Every entry below should be returned exactly as it appears, with pictures left out.

[Short text fragments from websites]
'''

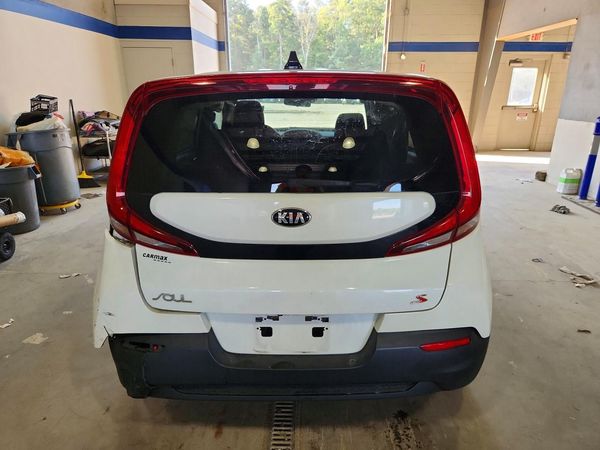 2020 KIA SOUL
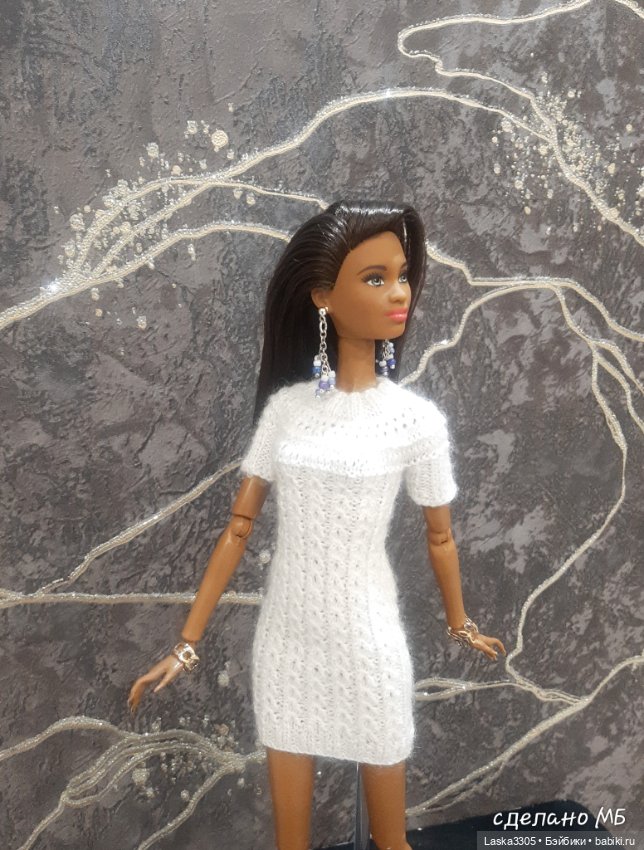 Приехала Мбили — Аналоги Барби и куклы 1/6: клоны 90 (фото 5)
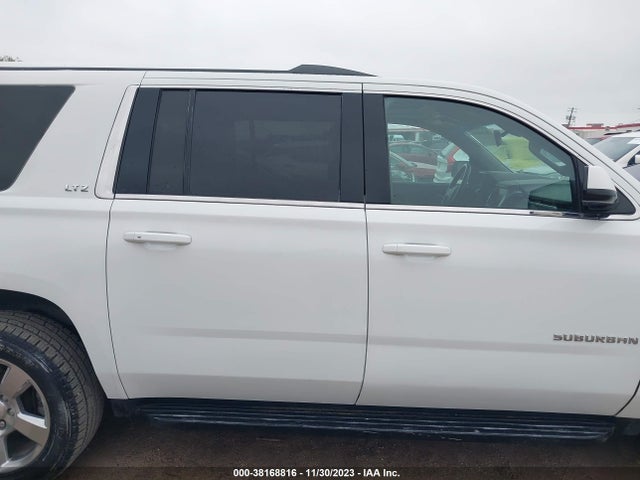 Chevrolet Suburban Ltz 2015 1GNSKKKC0FR150630 Image 14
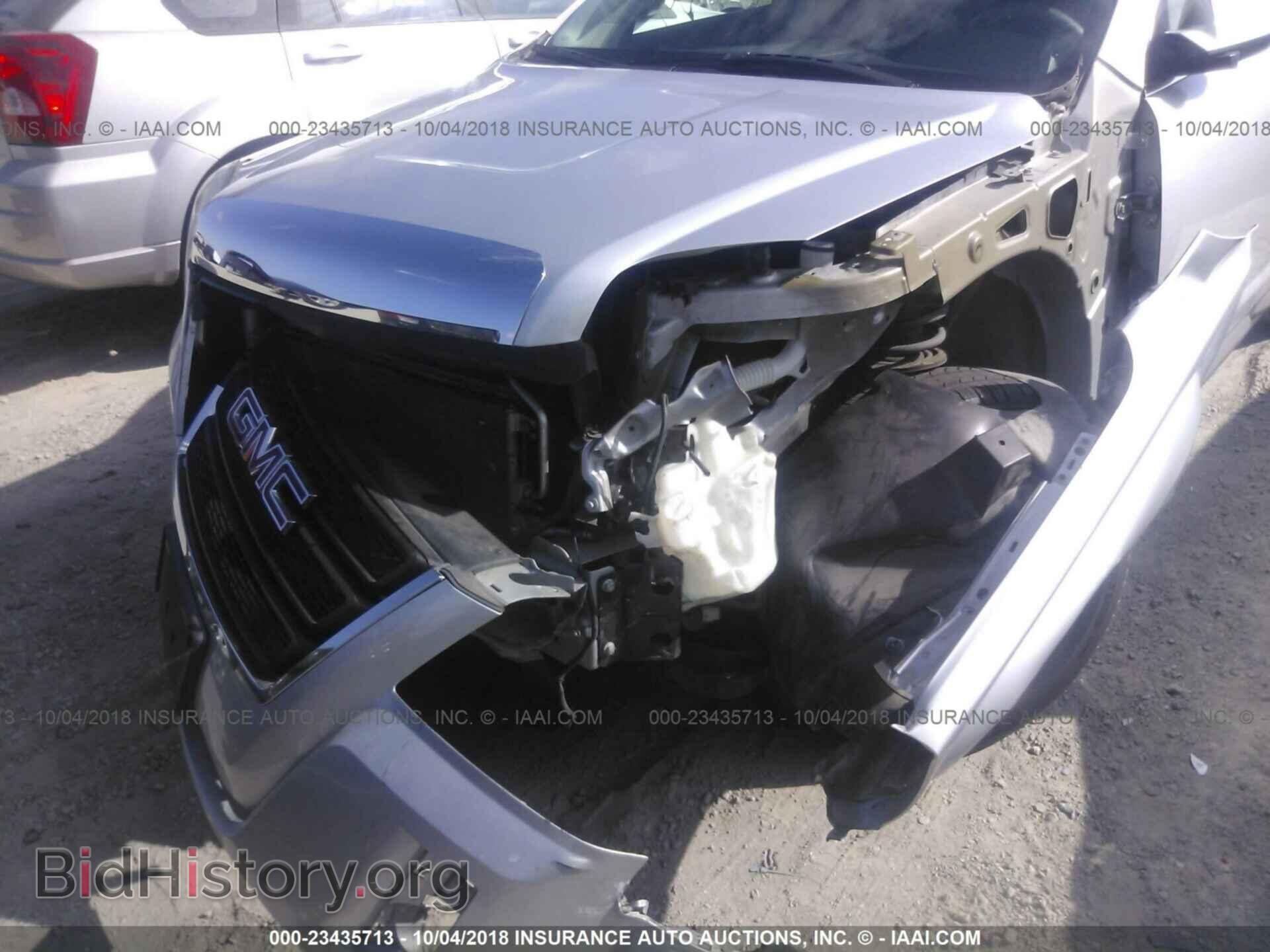 2014 Gmc Terrain - VIN: 2GKFLVEK9E6288855 - Photo 6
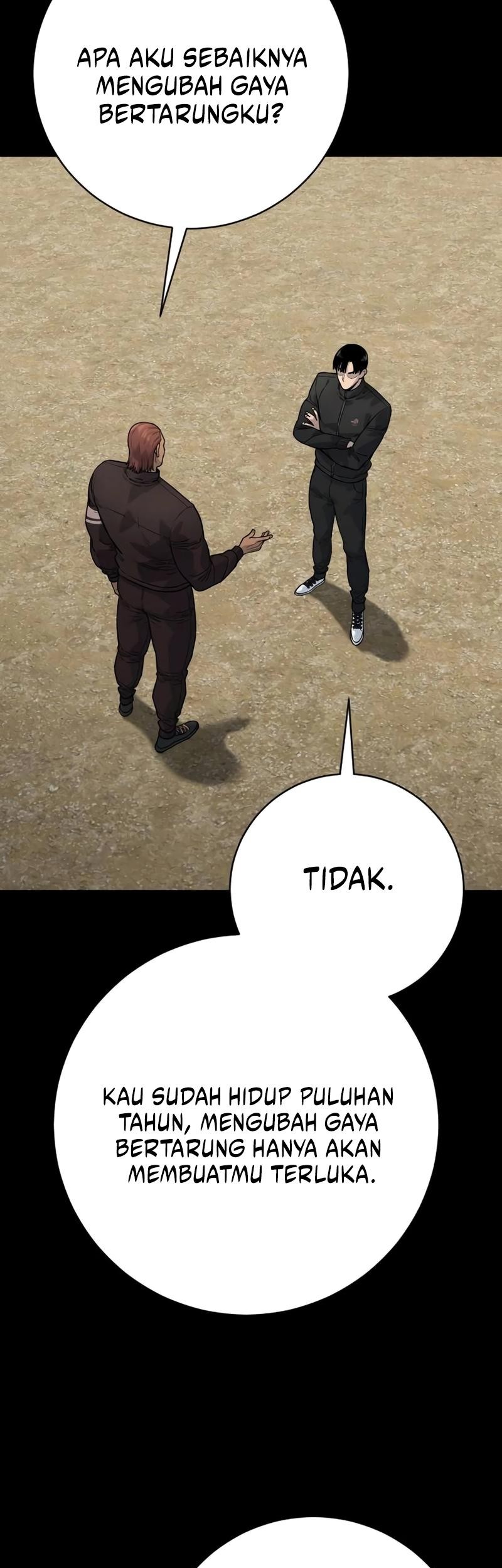 Return of the Bloodthirsty Police Chapter 81 - halaman 36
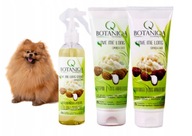 Botaniqa LOVE ME LONG šampón, kondicionér a sprej Botaniqa LOVE ME LONG šampón, kondicionér a sprej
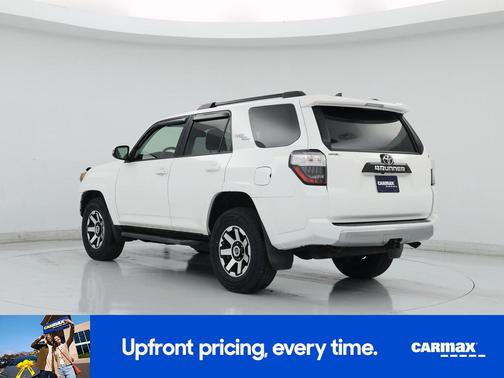 2021 Toyota 4Runner TRD Off Road Premium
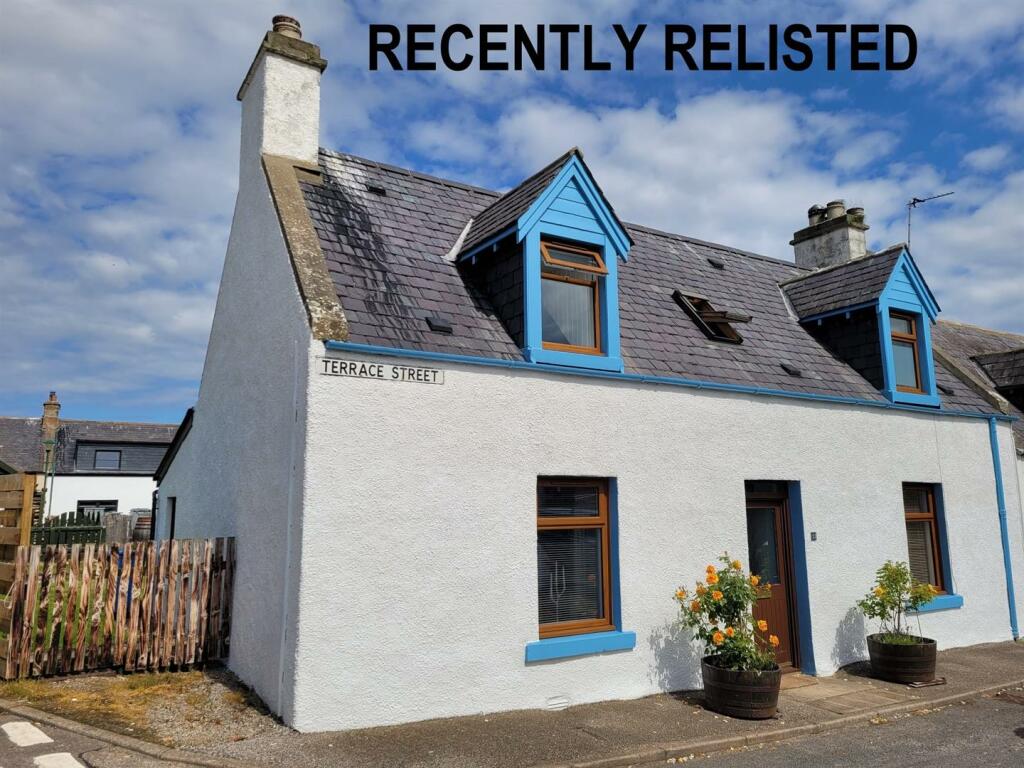 3 bedroom house for sale in Terrace Street, Embo, Dornoch, IV25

'''

| YOUR RESPONSE |
 2020 KIA SOUL
 Приехала Мбили — Аналоги Барби и куклы 1/6: клоны 90 (фото 5)
 Chevrolet Suburban Ltz 2015 1GNSKKKC0FR150630 Image 14
 2014 Gmc Terrain - VIN: 2GKFLVEK9E6288855 - Photo 6
 Return of the Bloodthirsty Police Chapter 81 - halaman 36
 Botaniqa LOVE ME LONG šampón, kondicionér a sprej Botaniqa LOVE ME LONG šampón, kondicionér a sprej
 2021 Toyota 4Runner TRD Off Road Premium
 3 bedroom house for sale in Terrace Street, Embo, Dornoch, IV25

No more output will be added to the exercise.